Il vescovo Diego Coletti

Il vescovo Diego Coletti

Colorina (Sondrio), 25 novembre 2017 - Caso sui presunti abusi nel preseminario Pio X in Vaticano: e se il sacerdote sotto accusa, che fino a due settimane fa prestava la sua opera presso la struttura intitolata a Don Folci, a Valle di Colorina, fosse stato solo calunniato? E se la Diocesi di Como e il Vaticano non avessero tentato di insabbiare le molestie, ma avessero invece accertato che si trattava di altro? Domande legittime, che in questi giorni difficili per la Chiesa in tanti si stanno facendo, anche in provincia di Sondrio, decisamente toccata dalla vicenda portata alla luce dalla trasmissione televisiva «Le Iene» e dal libro del giornalista Gianluigi Nuzzi «Peccato originale».

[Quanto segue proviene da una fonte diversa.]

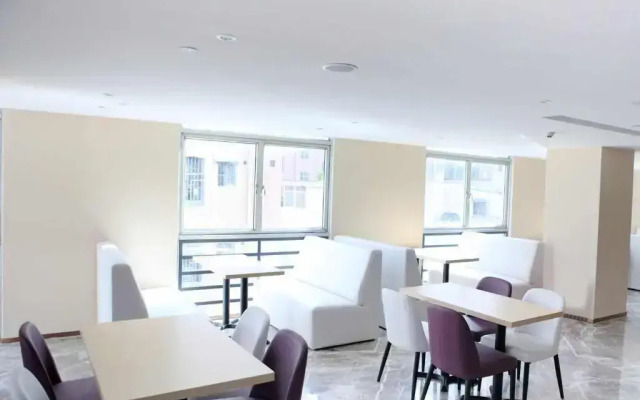 Lavande Hotel (Shenzhen North Railway Station, Gangtou Metro Station)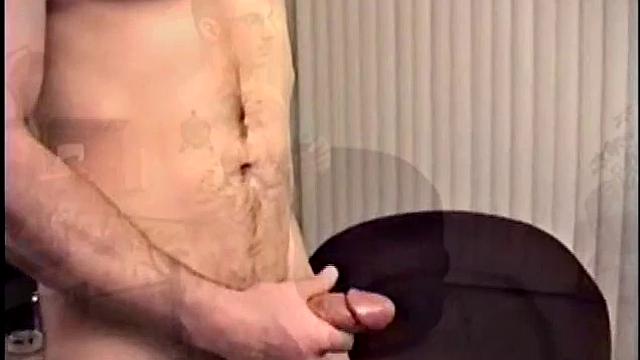 Мускулистый Джанни дрочит на камеру, показывая густую растительность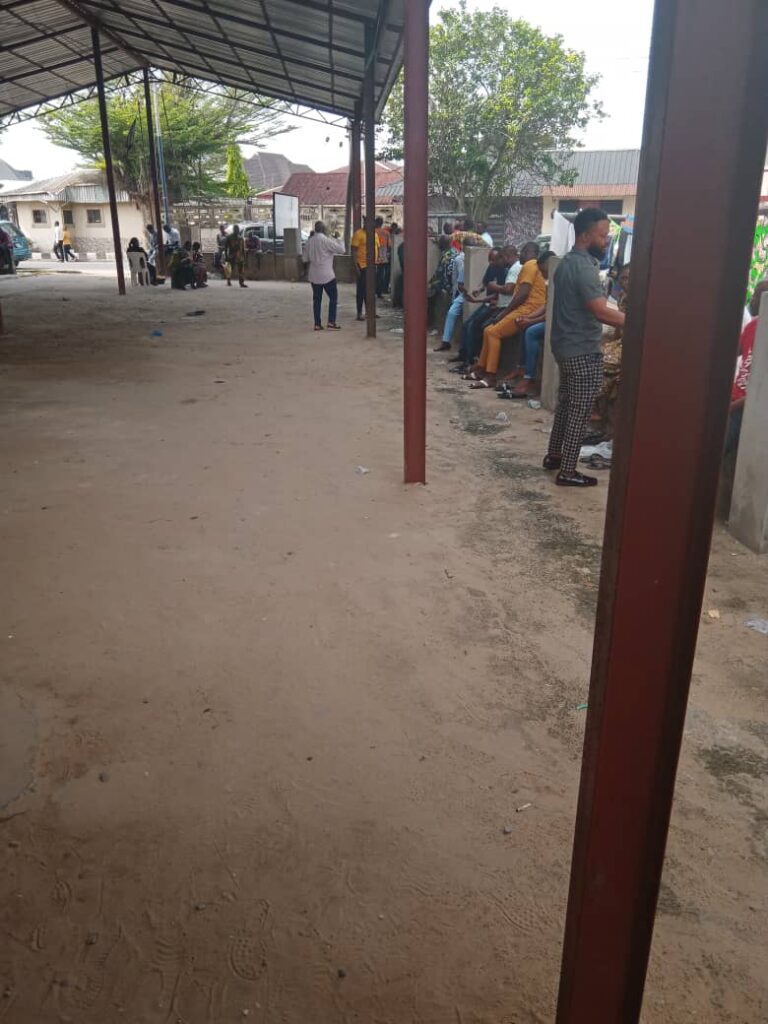 Snapshot of voters on Sunday before the arrival of INEC officials with the BVAS in Bayelsa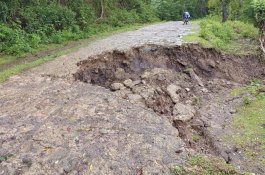 Longsor di Pujananting, Tiga Titik Jalan Penghubung Nyaris Putus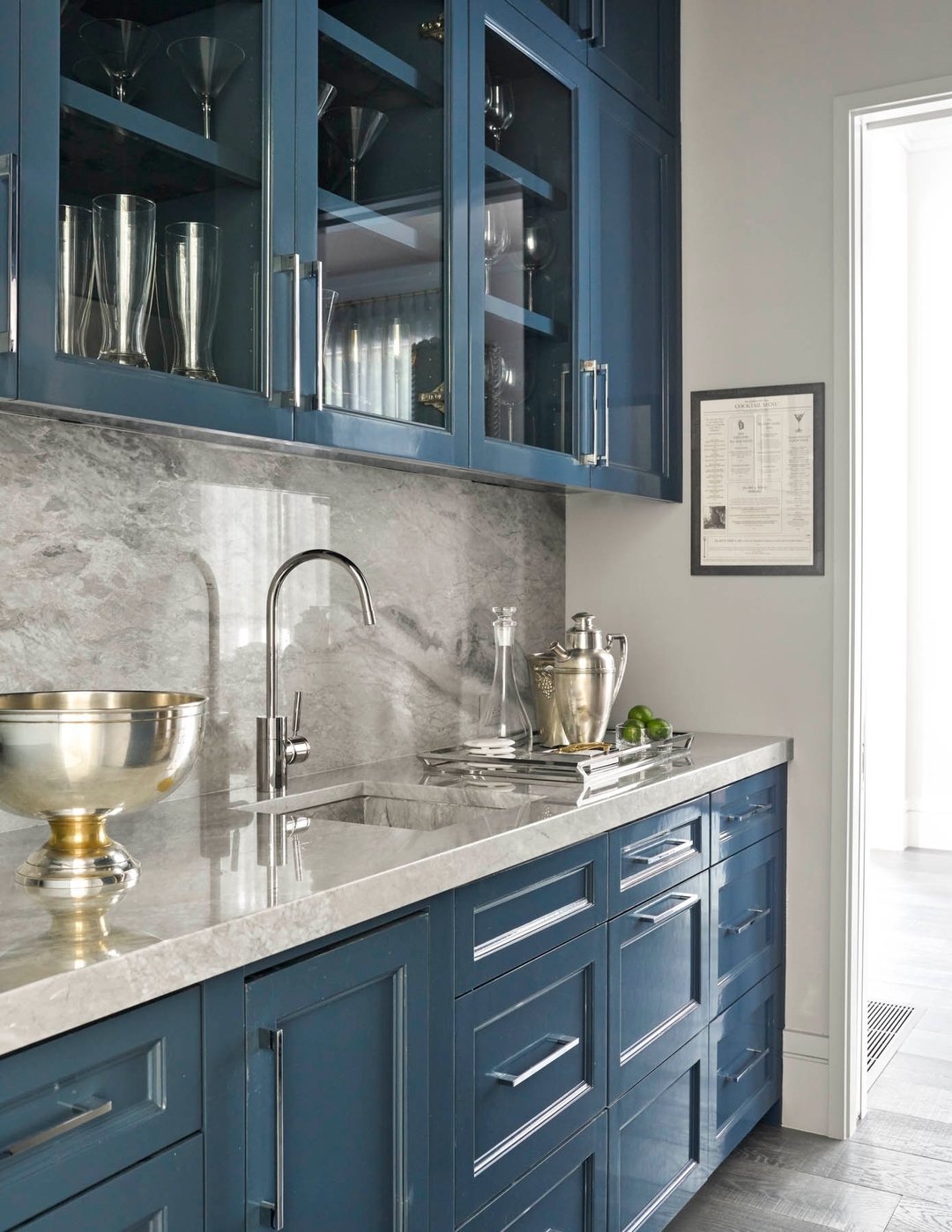 Feeling blue never looked so good!! 💙
&bull;
&bull;
📸: @nathanschroderphoto
📐: @shmarchitects
👷&zwj;♂️: @snelling_homes

#deborahwalker #interiordesign #luxurydesign #dallasinteriordesign #deborahwalkerassociates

Il cardinale Angelo Comastri, accusato da alcuni protagonisti di aver voluto nascondere quello che succedeva nel presimario dove vivono e studiano i chierichetti del Papa, ha raccontato la sua verità al quotidiano «Il Messaggero», una verità molto diversa da quella narrata invece dalle due presunte vittime del prete 25enne e dal testimone polacco delle presunte molestie, Kamil. Parla di lettere anonime, portate all’attenzione dell’allora vescovo di Como, Diego Coletti, giuridicamente responsabile dello staff del preseminario, che nelle sue relazioni racconta di un ex alunno del preseminario che si esercitò due anni prima in una abbondante e devastante esercizio di lettere anonime con firme false, anche di cardinali, per accusare molti ecclesiastici. E di lettere anonime scritte per screditare, gettare fango, insinuare dubbi: venne anche individuato come autore un sacerdote abruzzese che puntava ad entrare nella struttura del preseminario. Il Vaticano lo allontanò, ma le lettere anonime continuarono. Poi le accuse al giovane sacerdote, che dopo l’ordinazione è stato mandato a Colorina.

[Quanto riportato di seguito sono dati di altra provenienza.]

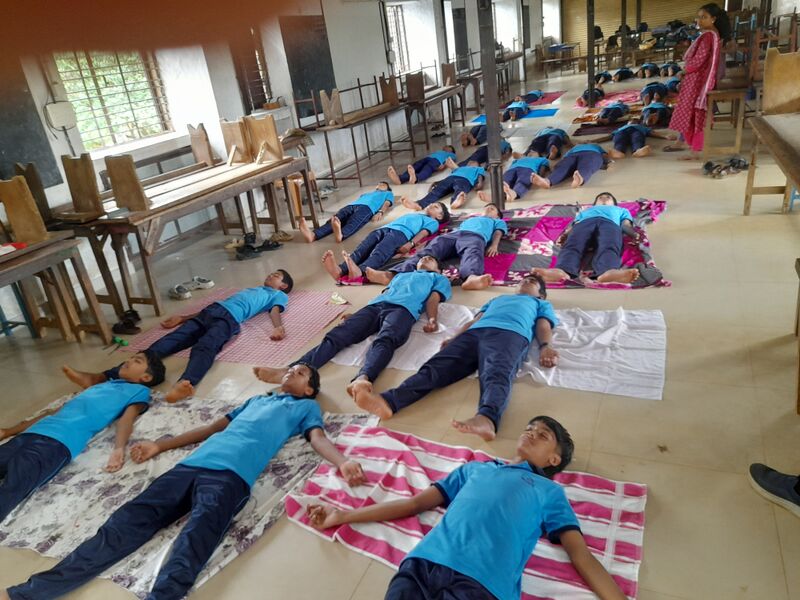 പ്രമാണം:47037-yoga day 1.jpg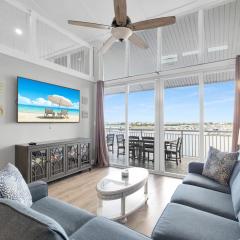 St John - Downtown Waterfront Penthouse Pool Parking Dock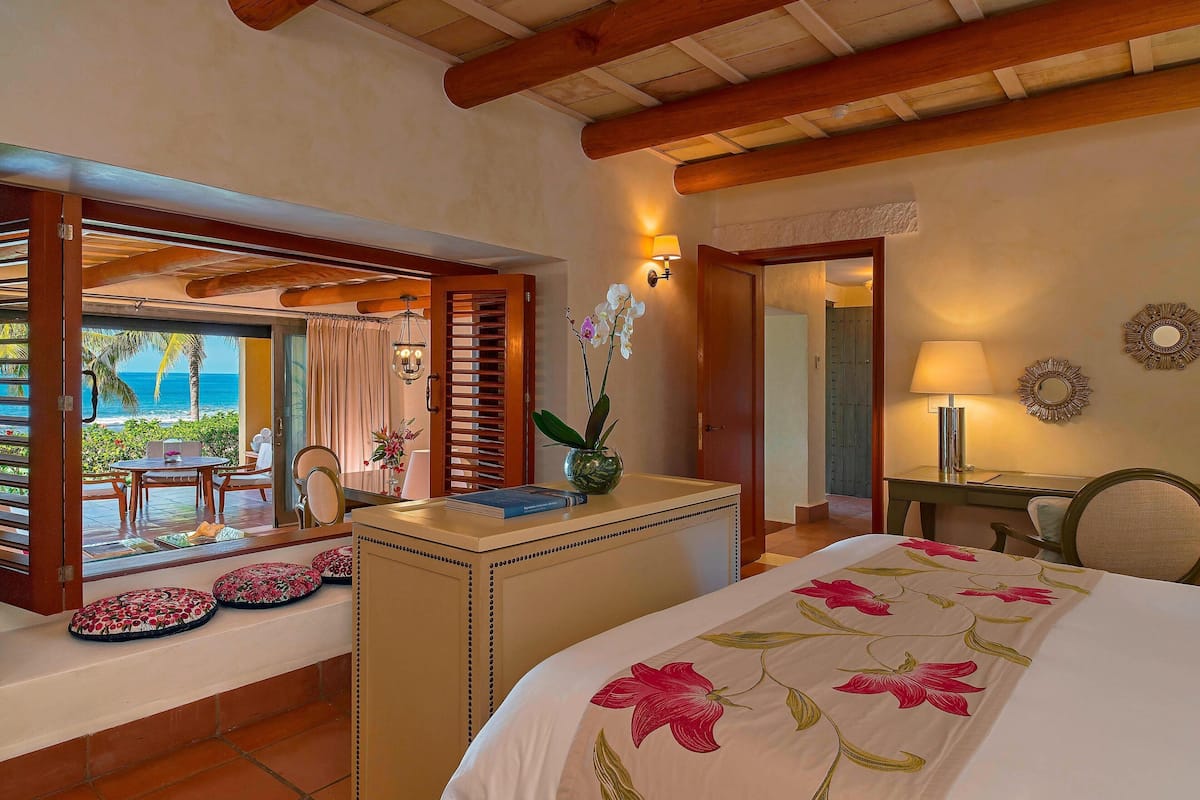 Premium bedding, minibar, in-room safe, individually decorated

«In merito ai fatti, ho constatato personalmente la loro infondatezza – scrisse Coletti -. Le informazioni raccolte depongono in quella linea. Ci sono più di 50 persone disponibili a difendere il giovane mostrando la pretestuosità delle accuse, come pure la macchinazione ordita da XX (il sacerdote abruzzese, ndr.). Ritengo dunque non sussistere fumus alcuno della gravità dei fatti di cui accusano le persone nelle lettere, ritengo dunque in coscienza non sia necessario procedere ad ulteriora». E anche in Valtellina c’è chi è intenzionato a difendere non tanto il giovane sacerdote, che in pochi conoscono davvero, quanto l’operato della Diocesi e non solo. Tra di loro il sindaco di Castione Andevenno, Massimiliano Franchetti, che ha affidato a Facebook il suo pensiero: «Dal 1979 al 1982 sono stato in collegio all’Opera Don Folci di Valle di Colorina e ho fatto anche un mese d’estate al preseminario in Vaticano – racconta -. Il vicerettore era quel don Enrico Radice che ho visto messo alla gogna come un mostro da «Le Iene» ed al quale, per quanto mi riguarda, mi legano solo ricordi positivi ed un’amicizia che dopo più di trent’anni ancora ci lega. Ho sofferto a vedere quello che ho visto. E non ho dubbi sulla sua buonafede di fronte al caso».